● **Data for processing**:

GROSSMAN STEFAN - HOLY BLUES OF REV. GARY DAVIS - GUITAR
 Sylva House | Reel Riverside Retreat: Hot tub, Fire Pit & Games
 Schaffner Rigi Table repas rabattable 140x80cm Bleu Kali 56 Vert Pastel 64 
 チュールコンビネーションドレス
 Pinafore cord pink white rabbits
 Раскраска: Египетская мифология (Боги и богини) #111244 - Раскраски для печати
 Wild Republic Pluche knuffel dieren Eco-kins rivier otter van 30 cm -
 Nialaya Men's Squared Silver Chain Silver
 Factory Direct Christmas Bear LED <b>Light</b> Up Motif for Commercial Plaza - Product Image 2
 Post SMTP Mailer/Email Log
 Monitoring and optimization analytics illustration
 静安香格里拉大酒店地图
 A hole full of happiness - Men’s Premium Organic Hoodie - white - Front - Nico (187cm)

● **Your assignment**: Gather all lines of the records that include the word "white".

● **Response for this exercise**:
 Pinafore cord pink white rabbits
 A hole full of happiness - Men’s Premium Organic Hoodie - white - Front - Nico (187cm)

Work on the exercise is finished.